Beginning with the first line and ending with the one containing "Ensemble de salle", copy the lines of the listing below exactly; omit everything else.

**THE RECORDS**
···
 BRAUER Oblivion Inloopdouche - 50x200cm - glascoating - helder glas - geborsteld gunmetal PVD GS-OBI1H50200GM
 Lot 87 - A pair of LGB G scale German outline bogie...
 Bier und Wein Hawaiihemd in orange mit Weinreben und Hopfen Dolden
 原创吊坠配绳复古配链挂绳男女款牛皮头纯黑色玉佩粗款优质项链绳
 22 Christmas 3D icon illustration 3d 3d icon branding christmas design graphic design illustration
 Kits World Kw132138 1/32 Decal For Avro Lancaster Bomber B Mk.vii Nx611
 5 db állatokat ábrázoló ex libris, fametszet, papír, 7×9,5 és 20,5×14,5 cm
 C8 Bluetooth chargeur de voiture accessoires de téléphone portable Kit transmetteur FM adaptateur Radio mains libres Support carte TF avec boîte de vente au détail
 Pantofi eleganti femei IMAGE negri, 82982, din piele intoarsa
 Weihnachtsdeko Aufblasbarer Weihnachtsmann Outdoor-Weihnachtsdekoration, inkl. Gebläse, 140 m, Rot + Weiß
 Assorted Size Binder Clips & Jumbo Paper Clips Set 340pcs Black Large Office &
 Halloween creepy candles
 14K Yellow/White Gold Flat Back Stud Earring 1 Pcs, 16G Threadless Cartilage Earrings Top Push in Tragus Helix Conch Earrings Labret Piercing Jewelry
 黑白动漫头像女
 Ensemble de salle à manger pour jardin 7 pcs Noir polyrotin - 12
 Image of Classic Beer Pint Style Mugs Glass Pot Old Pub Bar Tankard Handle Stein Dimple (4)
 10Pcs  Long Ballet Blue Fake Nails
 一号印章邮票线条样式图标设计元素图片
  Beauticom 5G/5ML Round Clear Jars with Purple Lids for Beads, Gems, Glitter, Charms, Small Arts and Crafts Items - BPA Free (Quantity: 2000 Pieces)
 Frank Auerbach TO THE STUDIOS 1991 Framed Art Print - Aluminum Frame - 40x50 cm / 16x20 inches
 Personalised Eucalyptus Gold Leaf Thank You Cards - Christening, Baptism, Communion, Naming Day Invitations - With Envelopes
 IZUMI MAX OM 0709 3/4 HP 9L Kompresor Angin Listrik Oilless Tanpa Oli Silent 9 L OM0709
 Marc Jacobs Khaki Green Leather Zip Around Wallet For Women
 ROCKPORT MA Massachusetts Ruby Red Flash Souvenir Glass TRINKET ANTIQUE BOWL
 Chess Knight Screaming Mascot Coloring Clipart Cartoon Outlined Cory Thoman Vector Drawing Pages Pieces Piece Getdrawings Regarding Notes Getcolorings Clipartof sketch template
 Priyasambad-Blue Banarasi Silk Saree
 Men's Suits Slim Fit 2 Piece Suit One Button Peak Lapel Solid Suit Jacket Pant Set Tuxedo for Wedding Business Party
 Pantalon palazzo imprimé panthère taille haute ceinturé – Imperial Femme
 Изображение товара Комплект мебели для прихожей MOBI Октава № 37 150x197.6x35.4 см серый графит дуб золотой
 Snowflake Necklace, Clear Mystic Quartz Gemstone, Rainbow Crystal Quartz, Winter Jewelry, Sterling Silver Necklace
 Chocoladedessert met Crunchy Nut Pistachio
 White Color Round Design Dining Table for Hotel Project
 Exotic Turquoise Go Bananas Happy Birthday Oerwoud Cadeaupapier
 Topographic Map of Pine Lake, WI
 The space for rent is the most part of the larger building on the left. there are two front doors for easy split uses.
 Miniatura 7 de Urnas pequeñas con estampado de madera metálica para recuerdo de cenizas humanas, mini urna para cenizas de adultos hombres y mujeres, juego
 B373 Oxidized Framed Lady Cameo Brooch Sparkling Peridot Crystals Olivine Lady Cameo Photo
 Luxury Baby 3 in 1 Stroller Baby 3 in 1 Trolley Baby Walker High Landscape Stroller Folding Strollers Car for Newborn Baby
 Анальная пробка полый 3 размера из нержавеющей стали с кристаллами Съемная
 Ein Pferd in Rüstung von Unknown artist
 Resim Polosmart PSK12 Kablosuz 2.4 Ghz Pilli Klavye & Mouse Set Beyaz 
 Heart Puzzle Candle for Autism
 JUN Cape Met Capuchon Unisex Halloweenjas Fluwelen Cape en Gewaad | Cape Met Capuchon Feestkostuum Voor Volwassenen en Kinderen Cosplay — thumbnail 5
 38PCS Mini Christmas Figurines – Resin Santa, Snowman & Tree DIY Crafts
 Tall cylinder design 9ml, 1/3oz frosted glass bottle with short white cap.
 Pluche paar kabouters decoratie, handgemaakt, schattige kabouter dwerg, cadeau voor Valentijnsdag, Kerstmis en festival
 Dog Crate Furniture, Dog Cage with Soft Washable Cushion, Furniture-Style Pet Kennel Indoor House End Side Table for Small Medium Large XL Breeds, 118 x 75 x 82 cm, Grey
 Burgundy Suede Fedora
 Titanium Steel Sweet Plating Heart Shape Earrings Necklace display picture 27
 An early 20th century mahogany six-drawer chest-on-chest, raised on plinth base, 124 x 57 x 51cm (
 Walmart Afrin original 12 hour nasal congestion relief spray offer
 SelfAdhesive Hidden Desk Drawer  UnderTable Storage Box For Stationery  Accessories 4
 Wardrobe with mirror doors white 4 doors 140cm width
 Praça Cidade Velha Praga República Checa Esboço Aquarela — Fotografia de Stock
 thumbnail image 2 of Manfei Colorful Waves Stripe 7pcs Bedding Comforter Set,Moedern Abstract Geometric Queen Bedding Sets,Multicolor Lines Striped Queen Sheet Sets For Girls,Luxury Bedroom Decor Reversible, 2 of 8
···
**RESULT OF THE EXERCISE**
 BRAUER Oblivion Inloopdouche - 50x200cm - glascoating - helder glas - geborsteld gunmetal PVD GS-OBI1H50200GM
 Lot 87 - A pair of LGB G scale German outline bogie...
 Bier und Wein Hawaiihemd in orange mit Weinreben und Hopfen Dolden
 原创吊坠配绳复古配链挂绳男女款牛皮头纯黑色玉佩粗款优质项链绳
 22 Christmas 3D icon illustration 3d 3d icon branding christmas design graphic design illustration
 Kits World Kw132138 1/32 Decal For Avro Lancaster Bomber B Mk.vii Nx611
 5 db állatokat ábrázoló ex libris, fametszet, papír, 7×9,5 és 20,5×14,5 cm
 C8 Bluetooth chargeur de voiture accessoires de téléphone portable Kit transmetteur FM adaptateur Radio mains libres Support carte TF avec boîte de vente au détail
 Pantofi eleganti femei IMAGE negri, 82982, din piele intoarsa
 Weihnachtsdeko Aufblasbarer Weihnachtsmann Outdoor-Weihnachtsdekoration, inkl. Gebläse, 140 m, Rot + Weiß
 Assorted Size Binder Clips & Jumbo Paper Clips Set 340pcs Black Large Office &
 Halloween creepy candles
 14K Yellow/White Gold Flat Back Stud Earring 1 Pcs, 16G Threadless Cartilage Earrings Top Push in Tragus Helix Conch Earrings Labret Piercing Jewelry
 黑白动漫头像女
 Ensemble de salle à manger pour jardin 7 pcs Noir polyrotin - 12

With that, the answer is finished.